R2.2 Naargelang voorstelling en deelname

We onderscheiden 4 soorten ruimtes:

 Werkelijke ruimte
De “werkelijke ruimte” is de ruimte waarin “wij” ons bevinden, ons kunnen bewegen.

“Ons klaslokaal” is een werkelijke driedimensionale ruimte.
“De poppenhoek in de kleuterklas” is een werkelijke driedimensionale ruimte.
“Het tapijt” waarop de kleuters bouwen is een werkelijke tweedimensionale ruimte.
“Het glijvak van de glijbaan” is een driedimensionale werkelijke ruimte.

Verkleinde ruimte
De “verkleinde ruimte” is een verkleinde weergave van de werkelijke ruimte, waar wij geen deel van uitmaken.  Wij kunnen deze ruimte wel overzien en er eventueel mee manipuleren.

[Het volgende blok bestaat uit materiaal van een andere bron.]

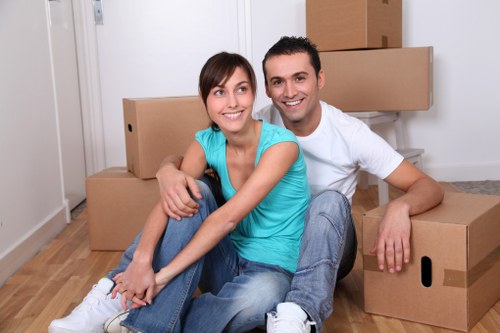 Professional movers handling furniture in a Hendon property
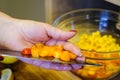 A woman cuts small colorful plum tomatoes on a cutting board. Cooking.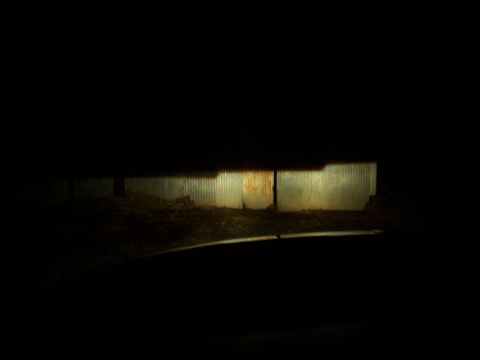2001 Dodge 1500 - The beam from the headlights illuminates a section of a corrugated metal wall and a pile of dirt.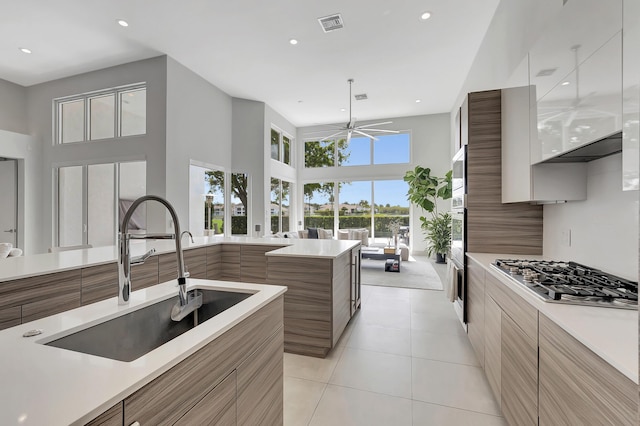 kitchen with white cabinets, sink, ceiling fan, appliances with stainless steel finishes, and light tile patterned flooring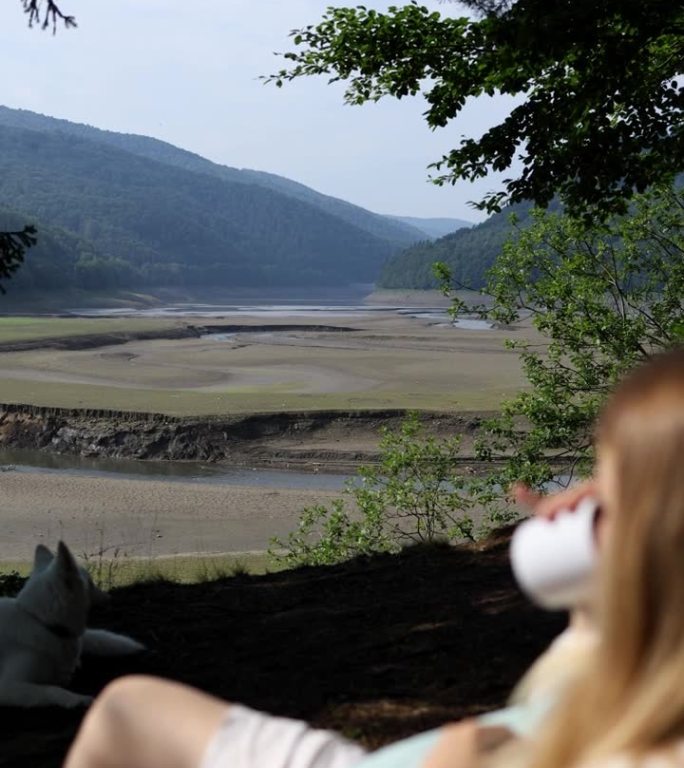 一个穿着夏装的女孩躺在山中的自然躺椅上，喝着白色马克杯里的咖啡，背景是一个干涸的湖水。垂直视频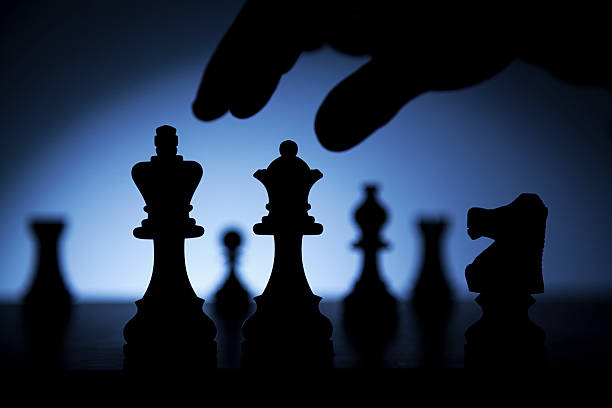 Silhouette of chess set and hand ready to play stock photo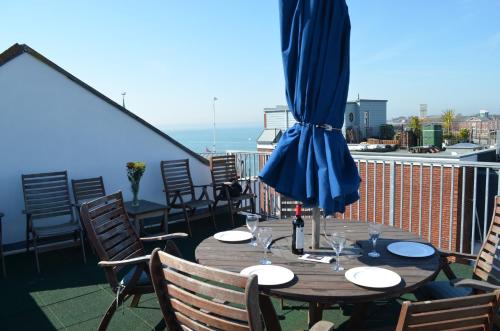 a wooden table with a blue umbrella on a balcony at Heart of Old Portsmouth in Portsmouth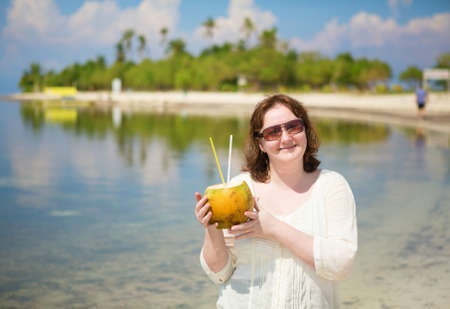 Beautiful woman with coconut on a tropical islandの写真素材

“Het poppenhuis” is en verkleinde driedimensionale ruimte.
“Een maquette” is een verkleinde driedimensionale ruimte.
“Het zitvlak van een poppenstoel” is een tweedimensionale verkleinde ruimte.

 

Afgebeelde ruimte
De “afgebeelde ruimte” is een tweedimensionale weergave van de ruimte waarin drie dimensies worden gesuggereerd. 

“Een foto” is een afgebeelde ruimte.
“Een kindertekening” is een afgebeelde ruimte (met de nodige reserves i.0v.m. dimensies.
“Een geprojecteerde dia” is een afgebeelde ruimte.

 

Abstracte ruimte
De “abstracte ruimte” is een ruimte die geen directe relatie meer heeft met de werkelijke ruimte.  Uiteraard kan deze ruimte een werkelijkheid zijn, doch wat men er in ziet is geen weergave van een werkelijk object.

 “Een plankje voor steekparels” is een tweedimensionale abstracte ruimte.
“Een tekenblad” op zich is een tweedimensionale abstracte ruimte.
“Een spijkerplankje” is een driedimensionale abstracte ruimte.